Scientists have developed a highly sensitive and accurate nitrogen dioxide (NO2) sensor that has lifesaving potential applications in domestic, public, and industrial settings. Long-term exposure to NO2 — a major air pollutant that originates from combustion engines and industrial processes — can cause respiratory issues, which can be particularly severe and even life-threatening for babies and asthma sufferers. The gas sensor could provide accurate readings of NO2 levels in the local environment in an affordable and portable Internet of Things device, which could sync with smartphones and applications.

Monitoring of air quality to prevent exposure to NO2 at parts-per-billion (ppb) levels is currently only possible with unwieldy, expensive equipment and is therefore scarcely implemented. The goal of this work was to create a device that was sensitive and accurate enough to detect below 20 ppb of NO2 in the air but that would also operate in real-world situations and be convenient and affordable enough to have the potential for widespread use.

The breakthrough came when the team developed an NO2 sensing layer based on a laser-deposited carbon aerogel (LDCA), which they found to have exceptional selectivity towards NO2 over other common air pollutants, making it unique amongst carbon nanomaterials. Using a scalable and inexpensive one-step laser process, the thin, porous, and well-adhered film of LDCA is deposited onto electrodes, which can then be housed in a range of device structures for continuous air monitoring. The sensor is so sensitive that it can detect close to 10 ppb of NO2 in less than 15 minutes and crucially, can operate at room temperature — even performing well in humid conditions, a problematic environment for many other sensors.

Like condensation on a windowpane, nanomaterials such as the carbon used in this development, nearly always have surface water. Normally, this is a negative, as it interferes with the technology but in this case, the team was able to use the layer of water to their advantage to selectively dissolve NO2 instead of other volatiles normally found in ambient conditions.

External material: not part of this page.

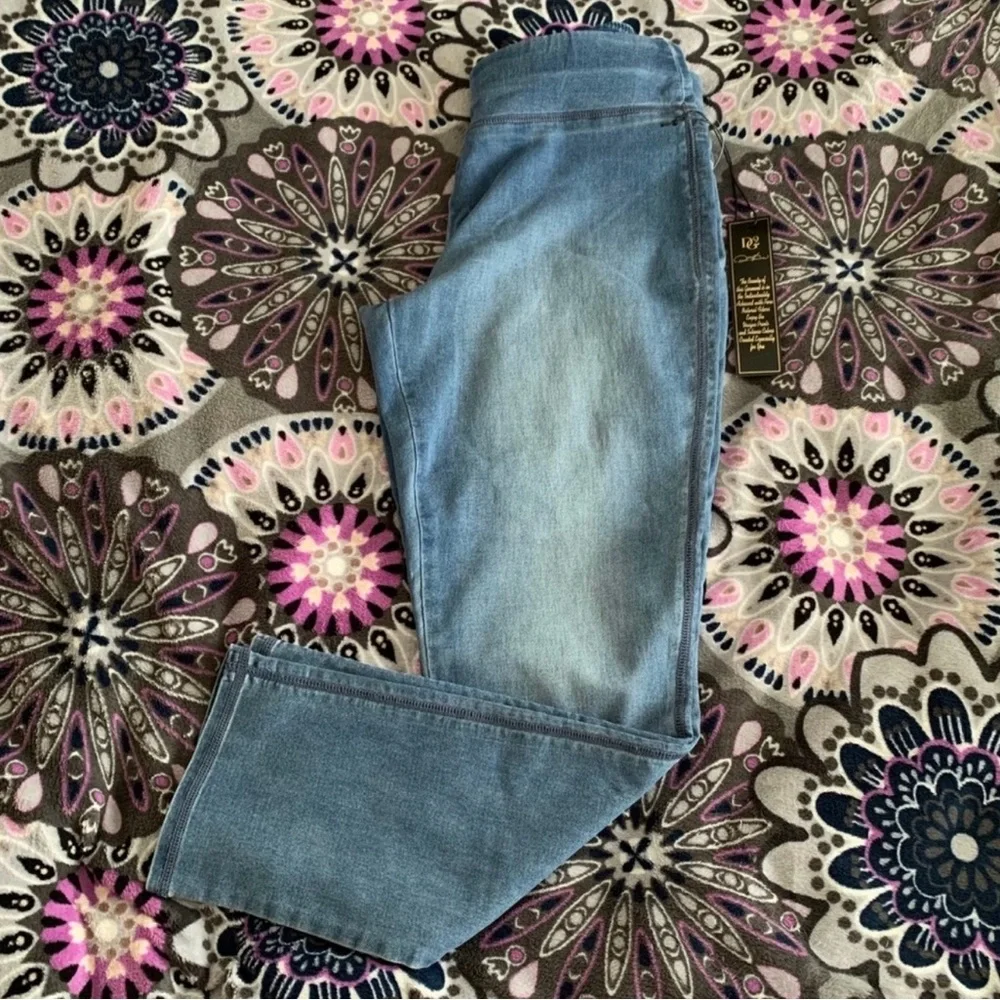 DG2 by Diane Gilman Blue Jeans - Picture 1 of 5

Potential applications for the sensor could include as a safety device to monitor the air quality in a baby's bedroom, to help inform the best walking or cycling routes and times of day to avoid high pollution levels, and even by real estate agents to provide prospective house buyers with information on the NO2 levels in a home and area.

The data could also feed into a national or worldwide pollution monitoring database in order to effect positive action on air quality.